CMS provided the following instances in which a the signature requirement had been met:

  • Legible full signature

  • Legible first initial and last name

  • Illegible signature above a typed or printed name

  • Illegible signature where the letterhead, addressograph or other information on the page indicates the identity of the signatory (e.g., An illegible signature appears on a prescription, but the letterhead of the prescription indicates three physicians' names, one of which is circled)

  • Illegible signature not above a typed/printed name and not on a letterhead, but the submitted documentation is accompanied by a signature log or an attestation statement

  • Initials above a typed or printed name

  • Initials not over a typed or printed name, but accompanied by a signature log or an attestation statement


CMS also provided a number of exceptions to the signature requirement rule; the following are excepted:

  • Faxes of original or electronic signatures for the certification of terminal illness for hospice;

  • Instances in which an order does not need to be signed (e.g., orders for some clinical diagnostic tests in which the treating physician has documentation showing that s/he intended the clinical diagnostic test to be performed); and

  • Instances in which other regulations and CMS instructions regarding conditions of payment in connection with signatures take precedence.
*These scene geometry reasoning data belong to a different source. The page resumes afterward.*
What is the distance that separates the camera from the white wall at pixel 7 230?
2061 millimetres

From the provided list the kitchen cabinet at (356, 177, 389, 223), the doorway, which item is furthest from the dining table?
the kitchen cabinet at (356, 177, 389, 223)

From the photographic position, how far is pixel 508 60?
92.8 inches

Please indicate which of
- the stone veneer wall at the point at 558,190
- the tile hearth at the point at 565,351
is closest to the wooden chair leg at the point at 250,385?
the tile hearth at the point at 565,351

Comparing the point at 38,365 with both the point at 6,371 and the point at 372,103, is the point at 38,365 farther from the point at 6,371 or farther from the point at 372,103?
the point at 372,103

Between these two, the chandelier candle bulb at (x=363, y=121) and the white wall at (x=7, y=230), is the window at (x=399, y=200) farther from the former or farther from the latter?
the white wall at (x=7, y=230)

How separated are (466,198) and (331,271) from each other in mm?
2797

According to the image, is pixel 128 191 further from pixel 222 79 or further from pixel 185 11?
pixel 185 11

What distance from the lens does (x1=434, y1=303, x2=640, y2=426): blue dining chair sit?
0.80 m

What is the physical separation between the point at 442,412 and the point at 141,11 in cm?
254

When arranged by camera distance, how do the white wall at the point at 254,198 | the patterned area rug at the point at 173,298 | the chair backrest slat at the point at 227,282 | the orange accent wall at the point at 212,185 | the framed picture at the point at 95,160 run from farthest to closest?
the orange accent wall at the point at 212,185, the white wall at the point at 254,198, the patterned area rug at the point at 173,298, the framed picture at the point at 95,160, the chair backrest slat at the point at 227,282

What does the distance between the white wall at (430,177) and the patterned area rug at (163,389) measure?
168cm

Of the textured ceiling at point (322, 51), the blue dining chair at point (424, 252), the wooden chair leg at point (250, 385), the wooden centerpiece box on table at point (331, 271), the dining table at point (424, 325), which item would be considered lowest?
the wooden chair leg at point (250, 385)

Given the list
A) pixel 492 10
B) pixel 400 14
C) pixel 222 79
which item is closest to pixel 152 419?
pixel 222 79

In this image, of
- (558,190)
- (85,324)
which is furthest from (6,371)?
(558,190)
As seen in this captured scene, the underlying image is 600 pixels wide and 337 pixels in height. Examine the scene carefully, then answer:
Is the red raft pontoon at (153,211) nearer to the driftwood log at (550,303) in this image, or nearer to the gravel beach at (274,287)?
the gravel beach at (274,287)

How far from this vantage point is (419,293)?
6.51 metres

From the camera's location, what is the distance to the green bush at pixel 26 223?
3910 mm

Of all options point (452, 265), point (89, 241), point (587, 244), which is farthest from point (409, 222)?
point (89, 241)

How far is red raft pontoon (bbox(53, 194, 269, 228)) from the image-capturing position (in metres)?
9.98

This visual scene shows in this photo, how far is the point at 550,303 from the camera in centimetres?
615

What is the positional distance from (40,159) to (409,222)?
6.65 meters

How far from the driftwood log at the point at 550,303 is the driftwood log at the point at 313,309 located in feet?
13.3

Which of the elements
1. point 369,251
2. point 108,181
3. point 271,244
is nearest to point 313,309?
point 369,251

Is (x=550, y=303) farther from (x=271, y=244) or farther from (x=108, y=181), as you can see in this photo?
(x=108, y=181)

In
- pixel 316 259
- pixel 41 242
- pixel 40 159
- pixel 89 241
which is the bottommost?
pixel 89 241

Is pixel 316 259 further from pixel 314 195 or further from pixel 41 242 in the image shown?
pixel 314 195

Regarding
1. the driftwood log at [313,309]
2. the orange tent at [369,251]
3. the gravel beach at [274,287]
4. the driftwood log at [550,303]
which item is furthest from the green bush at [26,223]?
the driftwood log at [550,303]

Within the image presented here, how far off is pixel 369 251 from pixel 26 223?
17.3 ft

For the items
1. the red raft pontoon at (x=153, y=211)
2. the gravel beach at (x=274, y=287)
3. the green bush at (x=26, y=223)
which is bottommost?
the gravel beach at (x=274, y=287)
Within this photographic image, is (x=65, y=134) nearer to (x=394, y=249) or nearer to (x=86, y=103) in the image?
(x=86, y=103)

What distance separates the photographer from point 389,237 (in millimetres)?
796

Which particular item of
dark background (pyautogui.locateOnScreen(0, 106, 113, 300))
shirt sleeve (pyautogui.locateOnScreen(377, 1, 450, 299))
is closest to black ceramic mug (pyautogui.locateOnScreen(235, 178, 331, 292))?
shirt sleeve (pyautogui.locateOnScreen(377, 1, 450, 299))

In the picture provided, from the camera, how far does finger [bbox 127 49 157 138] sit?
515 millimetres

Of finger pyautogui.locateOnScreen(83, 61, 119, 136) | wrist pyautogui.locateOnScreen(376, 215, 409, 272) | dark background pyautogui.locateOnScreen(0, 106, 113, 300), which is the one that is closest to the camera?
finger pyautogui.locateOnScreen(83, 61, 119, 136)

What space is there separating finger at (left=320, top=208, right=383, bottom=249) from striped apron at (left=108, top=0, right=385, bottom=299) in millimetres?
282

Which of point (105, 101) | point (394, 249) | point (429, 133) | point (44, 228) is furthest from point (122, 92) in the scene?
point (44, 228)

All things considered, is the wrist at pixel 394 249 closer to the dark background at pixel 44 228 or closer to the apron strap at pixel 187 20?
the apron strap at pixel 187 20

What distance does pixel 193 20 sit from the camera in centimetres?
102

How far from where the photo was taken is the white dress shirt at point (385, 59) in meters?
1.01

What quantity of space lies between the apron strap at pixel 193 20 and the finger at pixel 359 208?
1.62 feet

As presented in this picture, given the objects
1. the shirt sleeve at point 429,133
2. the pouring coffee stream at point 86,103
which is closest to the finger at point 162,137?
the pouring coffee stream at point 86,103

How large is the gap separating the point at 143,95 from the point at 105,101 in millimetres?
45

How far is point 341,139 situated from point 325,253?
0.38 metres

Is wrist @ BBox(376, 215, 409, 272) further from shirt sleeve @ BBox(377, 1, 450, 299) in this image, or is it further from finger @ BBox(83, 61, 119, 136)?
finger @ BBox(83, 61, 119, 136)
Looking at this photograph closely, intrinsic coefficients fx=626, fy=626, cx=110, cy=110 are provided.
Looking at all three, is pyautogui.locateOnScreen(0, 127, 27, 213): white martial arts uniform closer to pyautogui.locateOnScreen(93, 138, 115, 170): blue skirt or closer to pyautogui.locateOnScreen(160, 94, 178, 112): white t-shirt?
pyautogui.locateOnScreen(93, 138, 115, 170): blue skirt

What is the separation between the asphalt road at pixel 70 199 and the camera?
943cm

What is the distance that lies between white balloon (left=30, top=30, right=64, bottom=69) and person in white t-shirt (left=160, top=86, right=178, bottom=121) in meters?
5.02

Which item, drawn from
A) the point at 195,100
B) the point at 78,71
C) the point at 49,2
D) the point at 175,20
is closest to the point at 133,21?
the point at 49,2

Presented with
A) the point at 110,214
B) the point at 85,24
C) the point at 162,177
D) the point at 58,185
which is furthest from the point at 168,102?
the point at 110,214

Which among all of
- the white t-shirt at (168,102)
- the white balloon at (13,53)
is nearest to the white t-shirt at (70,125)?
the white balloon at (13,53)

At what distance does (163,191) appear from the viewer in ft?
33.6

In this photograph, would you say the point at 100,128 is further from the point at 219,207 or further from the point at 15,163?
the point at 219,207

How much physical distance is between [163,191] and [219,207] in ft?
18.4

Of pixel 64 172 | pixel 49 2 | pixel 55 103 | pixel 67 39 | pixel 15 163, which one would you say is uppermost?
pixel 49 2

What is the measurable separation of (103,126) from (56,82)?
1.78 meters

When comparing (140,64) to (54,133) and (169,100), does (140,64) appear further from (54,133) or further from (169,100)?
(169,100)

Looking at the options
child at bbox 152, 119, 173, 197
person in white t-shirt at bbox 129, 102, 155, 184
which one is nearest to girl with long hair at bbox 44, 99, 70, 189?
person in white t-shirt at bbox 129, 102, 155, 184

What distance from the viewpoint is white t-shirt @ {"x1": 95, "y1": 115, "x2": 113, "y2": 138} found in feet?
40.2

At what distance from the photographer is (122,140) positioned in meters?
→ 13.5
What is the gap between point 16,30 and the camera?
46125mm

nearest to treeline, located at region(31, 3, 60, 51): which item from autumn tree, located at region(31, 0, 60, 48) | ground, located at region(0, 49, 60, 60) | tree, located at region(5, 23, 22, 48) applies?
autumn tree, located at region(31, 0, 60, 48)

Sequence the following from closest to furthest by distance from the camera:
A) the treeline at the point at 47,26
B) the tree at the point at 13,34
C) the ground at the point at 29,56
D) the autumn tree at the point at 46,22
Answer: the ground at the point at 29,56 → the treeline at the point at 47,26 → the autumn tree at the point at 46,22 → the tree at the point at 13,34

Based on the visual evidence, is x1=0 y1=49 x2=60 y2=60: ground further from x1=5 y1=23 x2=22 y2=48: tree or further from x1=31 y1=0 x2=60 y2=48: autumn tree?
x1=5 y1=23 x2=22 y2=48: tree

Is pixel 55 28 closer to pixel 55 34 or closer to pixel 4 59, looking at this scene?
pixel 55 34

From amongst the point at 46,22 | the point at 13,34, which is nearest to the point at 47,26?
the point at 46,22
In sum, providers should keep the following points in mind to ensure compliance with the signature requirement:

  • The best practice is to ensure that all record are authenticated at the time of services or shortly thereafter.

  • Medicare only accepts handwritten or electronic signatures; it does not accept stamped signatures.

  • Attestation statements may be submitted for illegible signatures; however, they may not be submitted for unsigned orders.

  • Nobody can sign for the physician.

  • Physician offices should have a protocol in place to have physicians sign their records within a reasonable time. Wisconsin Physician Service ("WPS")--the Part B MAC for Illinois, Michigan, Minnesota and Wisconsin--suggests that a "reasonable time" is 48 to 72 hours after the encounter. Signatures must be obtained prior the submitting the claim to Medicare.

  • When dictating notes, the transcribed note must indicate the physician's signature--either handwritten or electronic. WPS provides, "it is not sufficient that the provider is designated as dictating the note or his/her name is present in the record."


More details on CMS' signature requirement can be found in Section 3.3.2.4 of the Medicare Program Integrity Manual.